The North Koreans are reluctant to talk about “denuclearization” but are winning easy points exploiting the bones of about 5,300 Americans still missing from the Korean War.
At every stage of discussion on repatriating GI remains, the North is able to promote a peace declaration that’s also endorsed by South Korean President Moon Jae-in. What could be a better time to get across the message than the 65th anniversary this Friday of the signing of the armistice that ended the Korean War? Wouldn’t that be the moment, North Korean strategists are saying, to transfer the first batch of the 200 sets of remains, the same ones President Trump mistakenly announced several weeks ago had already been returned?
The North Koreans would love all sides declaring “peace” as a prelude to replacing the armistice with a full-fledged peace treaty. That’s crucial to calling for withdrawal of the 28,500 U.S. troops now in South Korea. Moon has said he’s not in favor of U.S. troops going home — a move that would definitely jeopardize the longstanding South Korea-U.S. alliance — but the North Koreans and their Seoul mates are sure to be asking, if we’re “at peace,” why should the Americans still be here and why maintain the alliance?
The North Koreans will be promoting that argument in hopes of getting Trump to agree on the peace declaration, and they’re banking on his enthusiasm for searching for GI remains as a means to that end. Considering that Trump went along with Kim Jong-un’s request at their summit in Singapore for stopping joint U.S.-South Korean military exercises, pro-North strategists think there’s a chance he’ll assent to a statement on peace when the North begins transferring those 200 remains at Panmunjom where the truce was signed on July 27, 1953.
For North Korea, the return of the remains promises to be a gift that keeps on giving, a never-ending game with a special bonus. The United States holds that each set of remains is priceless, not a product with a price tag, but the North stands to reap millions of dollars in “expenses.”

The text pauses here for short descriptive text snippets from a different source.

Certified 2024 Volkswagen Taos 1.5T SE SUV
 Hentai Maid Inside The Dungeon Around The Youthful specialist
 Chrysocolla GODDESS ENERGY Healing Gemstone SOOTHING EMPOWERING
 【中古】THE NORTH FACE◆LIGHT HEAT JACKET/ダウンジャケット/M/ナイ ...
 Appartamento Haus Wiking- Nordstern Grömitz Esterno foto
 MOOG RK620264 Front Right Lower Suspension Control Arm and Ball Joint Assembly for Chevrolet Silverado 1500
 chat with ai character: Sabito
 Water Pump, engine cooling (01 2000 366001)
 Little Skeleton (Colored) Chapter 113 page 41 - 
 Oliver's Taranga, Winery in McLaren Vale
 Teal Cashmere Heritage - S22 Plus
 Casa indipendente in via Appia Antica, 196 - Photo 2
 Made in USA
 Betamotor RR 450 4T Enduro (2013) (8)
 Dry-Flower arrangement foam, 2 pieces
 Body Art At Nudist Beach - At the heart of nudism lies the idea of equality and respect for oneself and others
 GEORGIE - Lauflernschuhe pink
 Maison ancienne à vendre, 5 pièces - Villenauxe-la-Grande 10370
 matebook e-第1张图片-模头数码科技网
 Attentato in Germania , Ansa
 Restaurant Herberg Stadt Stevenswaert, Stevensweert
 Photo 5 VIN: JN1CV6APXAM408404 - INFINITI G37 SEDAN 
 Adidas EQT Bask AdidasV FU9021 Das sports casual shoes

Stories of North Koreans gouging Americans for money were commonplace in the 11-year period when the United States and North Korea conducted “joint recovery operations” until 2005 when George W. Bush, then U.S. president, decided enough was enough.
Bruce Bechtol, a former Defense Intelligence Agency analyst and author of numerous books and studies on North Korean military issues, recalls the leader of one of the U.S. search teams complaining “the North Koreans want money for everything.” There were even reports of North Koreans hoarding what purported to be remains in hopes of profiting from their “discovery” by Americans with whom they were combing the terrain.
The fear at the time was the North Koreans would hold Americans hostage as U.S.-North Korean relations deteriorated after the breakdown in 2002 of the 1994 Geneva agreement, under which the North had locked up its nuclear reactor at the Yongbyon complex north of Pyongyang and stopped fabricating nuclear warheads with plutonium at their core.
Exposed as having ordered a separate secret program for making warheads with highly enriched uranium, Kim’s father, Kim Jong-il, expelled inspectors from the International Atomic Energy Agency at the end of 2002. Then, in early 2003, he withdrew from the Nuclear Non-Proliferation Treaty in the run-up to the North’s first nuclear test in October 2006.
As the United States and the North resume joint recovery efforts, we may be sure the North Koreans will be asking for tons of money without doing a thing about denuclearization.
However, the North’s long-running campaign for a peace treaty takes higher priority than money, in the view of Mark Fitzpatrick, a former U.S. diplomat, now with the International Institute for Strategic Studies. Sure, joint recovery operations will provide a steady revenue stream, but he believes more importantly they see engagement with the United States as leading to talks on a peace treaty.
Kim Tae-woo, former director of the Korea Institute for Defense Analyses, notes the North Koreans, focusing on remains, have gotten the Americans to overlook the whole issue of human rights. “They see everything from the viewpoint of leverage,” he reminds me. While pushing for a “Declaration of the End of the Korean War,” they’re of course saying “nothing about a timetable” for denuclearization.
Many years after they died in long-forgotten battles, the legacy of those soldiers, airmen and Marines “missing in action” endures in a renewed struggle for control of the Korean Peninsula.